Timide réaction internationale
Du côté de la communauté internationale, c’est presque l’indifférence. Soutenant toujours son allié, la Russie s’est opposée vendredi 10 mai à toute position commune du Conseil de sécurité, lors d’une réunion à huis clos sur la situation à Idleb en Syrie. Lors d’une déclaration solennelle aux médias à l’issue de la réunion, 11 pays du Conseil sur 15 ont exprimé leur « profonde préoccupation » face à l’aggravation de la situation dans la province d’Idleb.

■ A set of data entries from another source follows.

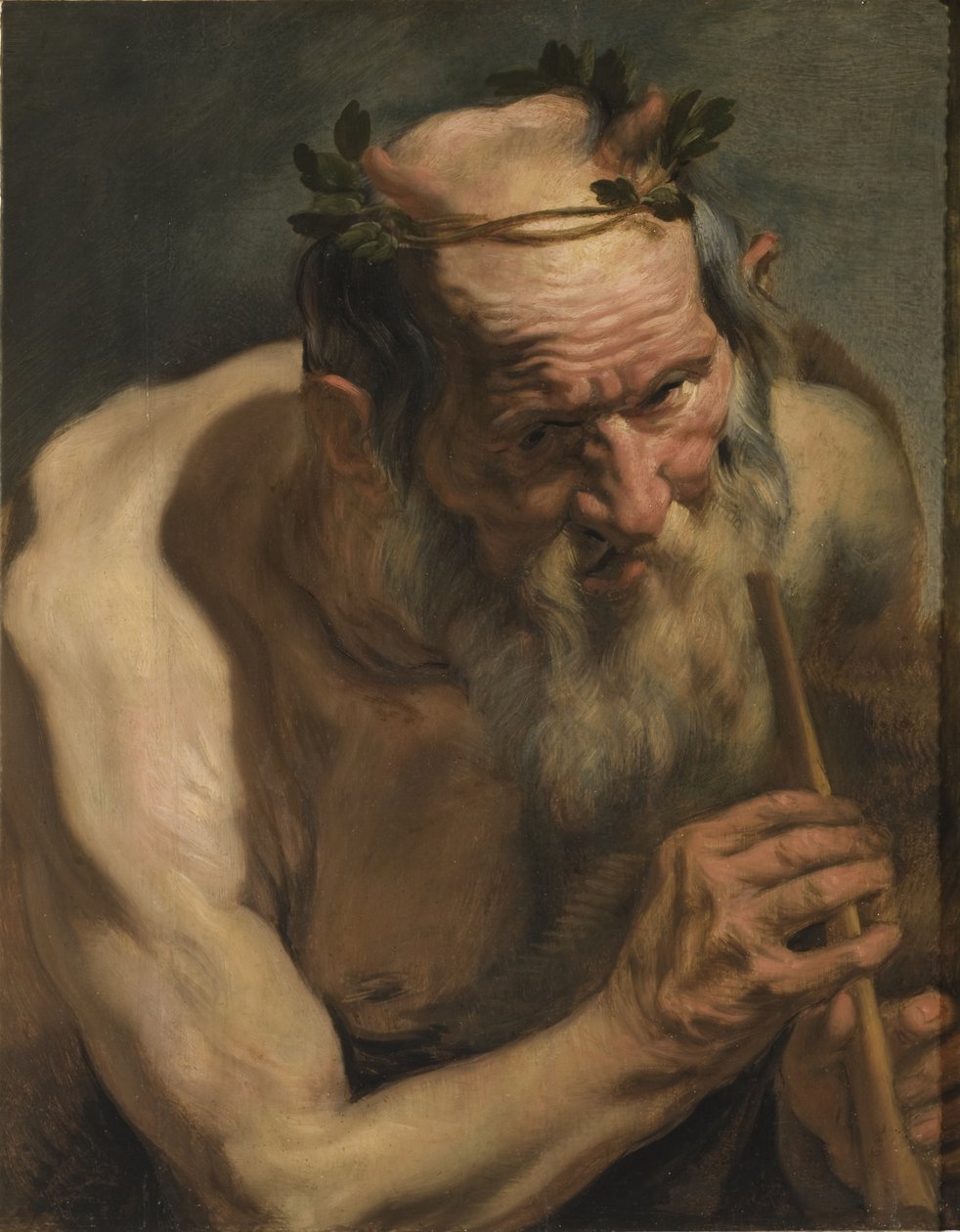 Alter Satyr mit Flöte von Jacob Jordaens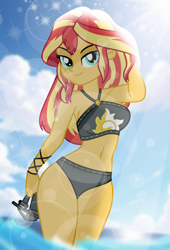Size: 678x1000 | Tagged: safe, artist:emeraldblast63, imported from derpibooru, sunset shimmer, human, equestria girls, bikini, clothes, legs in the water, partially submerged, swimsuit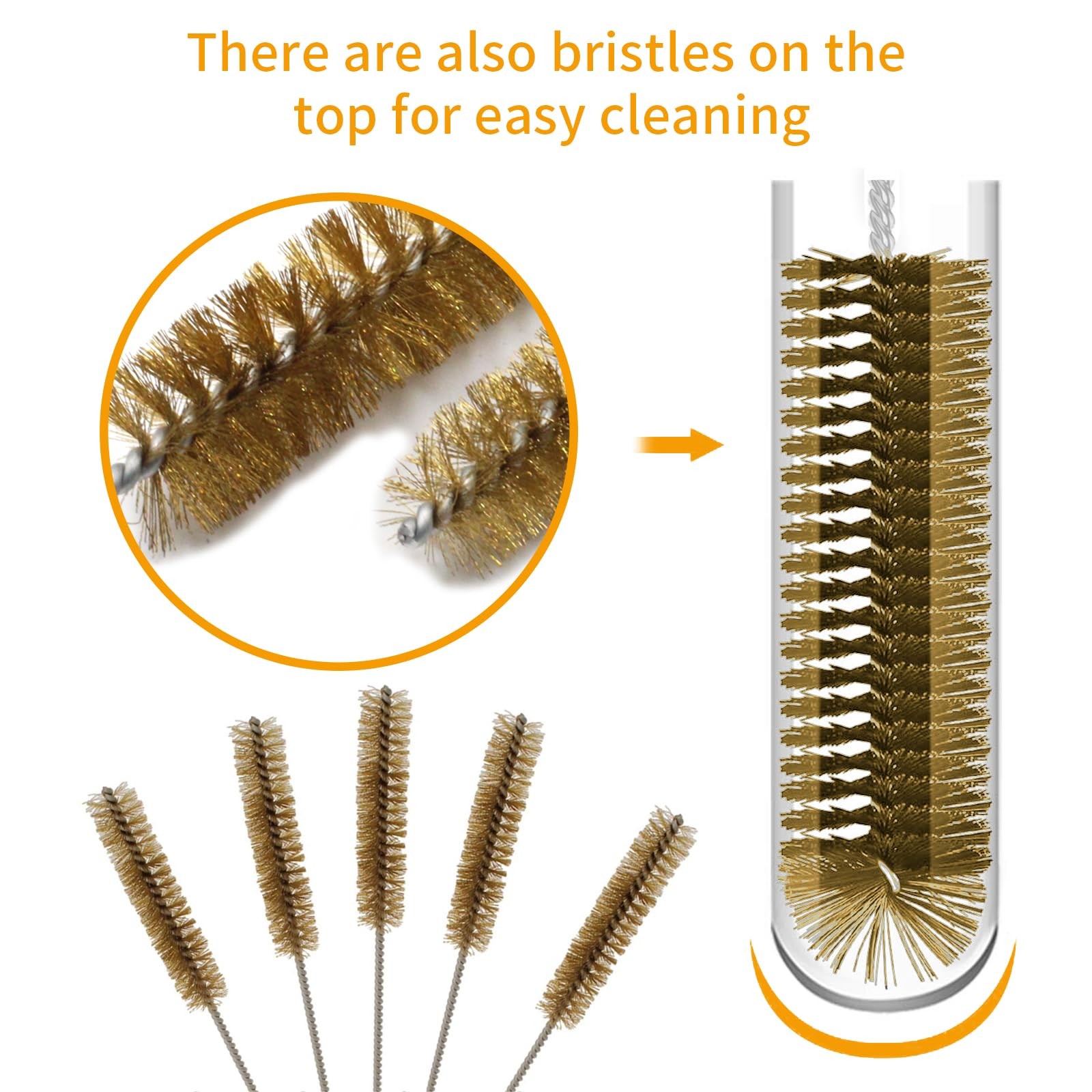 7 Pcs Brass Brush Set, 12” Long Handle Pipe Cleaner Brush for Deep Cleaning,…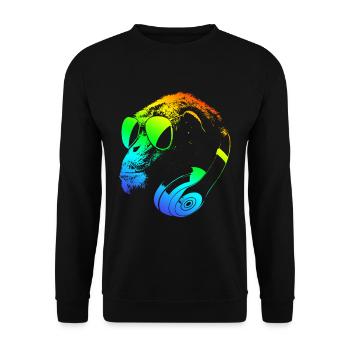 DJ Ape Gorilla Monkey Music Techno Monkey - Unisex Pullover - Schwarz - Vorne - Alina (178cm) & Michal (187cm)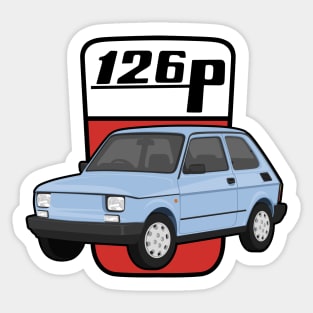 126P Car maluch 126 light blue Sticker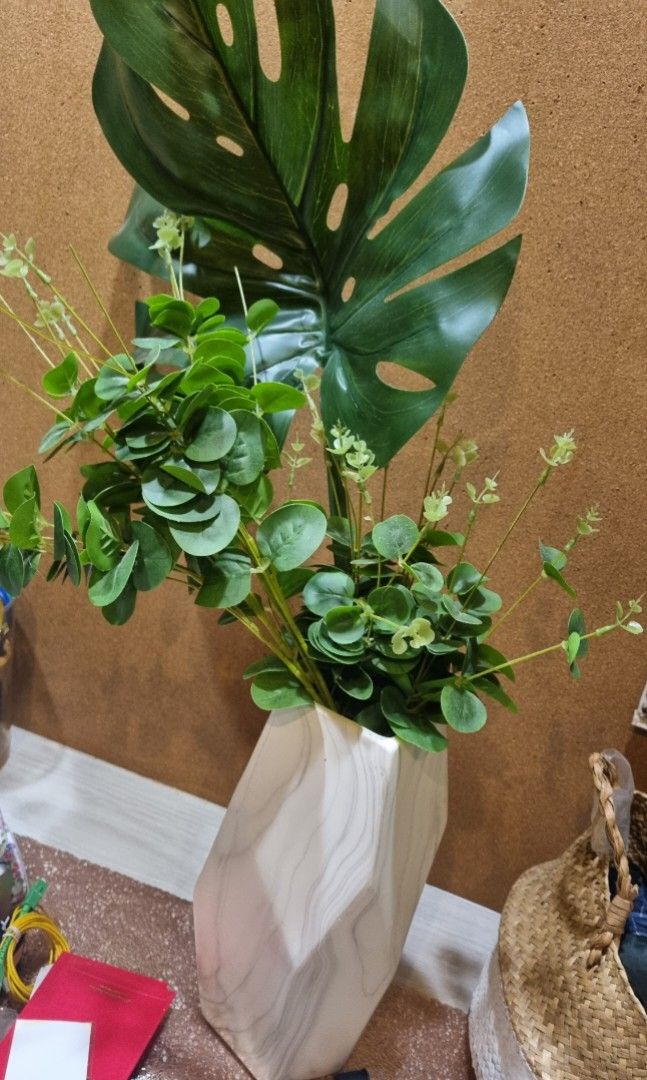 Artificial plants & vase with marble design, Furniture & Home Living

En fait, cette offensive contre Idleb met fin au processus politique déjà bloqué depuis plusieurs années sans que l’Onu parvienne à déclencher un processus de révision constitutionnelle conduisant à des élections. « La communauté internationale ne s’intéresse plus trop à ce sujet en même temps, elle craint un affrontement direct entre la Turquie et la Syrie, car il aurait des conséquences fâcheuses. Elle attend donc de voir ce qui va se passer après la reprise de Idleb », estime Dr Mona Soliman. Et de conclure : « La situation est certes tendue et les deux pays vont faire pression pour augmenter leurs gains, mais ils vont certainement éviter d’entre en guerre. La Turquie contrôle déjà plusieurs villes syriennes. Un accord tacite peut la laisser faire dans ces villes à condition que le régime syrien éloigne les Kurdes de cette zone et garantit qu’ils n’attaqueront pas cette région. En tout cas, Assad doit reprendre Idleb avant de s’orienter vers les villes occupées par la Turquie », affirme Dr Soliman.